## I wrote a blog post talking through how to scrape Wikipedia. Check it out here:
https://medium.com/@Alexander_H/scraping-wikipedia-with-python-8000fc9c9e6c

In [3]:
import wikipedia
import requests
from bs4 import BeautifulSoup
import pandas as pd
import time
import re
from uuid import uuid4 as uuid
import numpy as np
import urllib
from urllib.request import urlopen, Request
import numpy as np

# first pull the HTML from the page that links to all of the pages with the links.
# in this case, this page gives the links list pages of sci-fi films by decade.
# just go to https://en.wikipedia.org/wiki/Lists_of_science_fiction_films
# to see what I'm pulling from.
html = requests.get('https://en.wikipedia.org/wiki/Lists_of_science_fiction_films')

#turn the HTML into a beautiful soup text object
b = BeautifulSoup(html.text, 'lxml')
# create an mpty list where those links will go.
links = []

# in this case, all of the links we're in a '<li>' brackets.
for i in b.find_all(name = 'li'):
    # pull the actual link for each one
    for link in i.find_all('a', href=True):
        links.append(link['href'])
# the above code ends up pulling more links than I want,
# so I just use the ones I want
links = links[1:11]
# each link only returns something like 'wiki/List_of_science_fiction_films_of_the_1920s'
# so I add the other part of the URL to each.
decade_links = ['https://en.wikipedia.org' + i for i in links]

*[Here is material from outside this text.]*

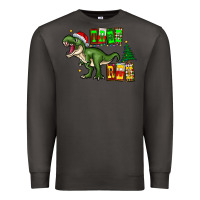 Smoke tree rex Premium Sweatshirt - CowhideDigitalArt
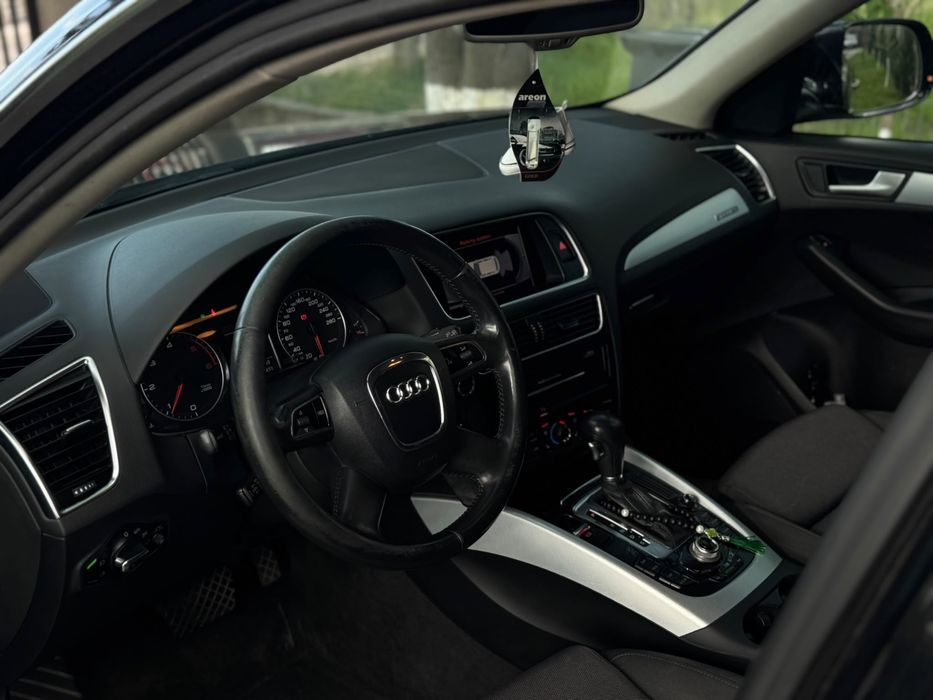 AUDI Q 5 // Quattro // 2012 // Automat // 2.0-177 CP // Euro 5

# create two new lists, one for the title of the page, 
# and one for the link to the page
film_titles = []
film_links = []
decades = []
#film_countries = []
# for loop to pull from each decade page with list of films.
# look at https://en.wikipedia.org/wiki/List_of_science_fiction_films_of_the_1920s
# to follow along as an exampe
for decade in decade_links:
    print(f'Collecting films from {decade}')
    html = requests.get(decade)
    b = BeautifulSoup(html.text, 'lxml')
    # get to the table on the page
    for i in b.find_all(name='table', class_='wikitable'):
        # get to the row of each film
        for j in i.find_all(name='tr'):
            #get just the title cell for each row.
            # contains the title and the URL
            for k in j.find_all(name='i'):
                # get within that cell to just get the words
                for link in k.find_all('a', href=True):
                    # get the title and add to the list
                    film_titles.append(link['title'])
                    # get the link and add to that list
                    film_links.append(link['href'])
                    # add the decade to keep track for later
                    decades.append(decade[-5:-1])
            #for k in j.find_all(class_='flagicon'):
                #for link in k.find_all('a', href=True):
                    #film_countries = film_countries.append(link['title'])
                    
    #be a conscientious scraper and pause between scrapes
    time.sleep(1)
print(f'Number of Film Links Collected: {len(film_links)}')
print(f'Number of Film Titles Collected: {len(film_titles)}')
# remove film links that don't have a description page on Wikipedia
new_film_links = [i for i in film_links if 'redlink' not in i]
# same goes for titles
new_film_titles = [i for i in film_titles if '(page does not exist)' not in i]
print(f'Number of Film Links with Wikipedia Pages: {len(new_film_links)}')
print(f'Number of Film Titles with Wikipedia Pages: {len(new_film_titles)}')
#use this list to fetch from the API
title_links_decades = list(zip(new_film_titles, new_film_links, decades))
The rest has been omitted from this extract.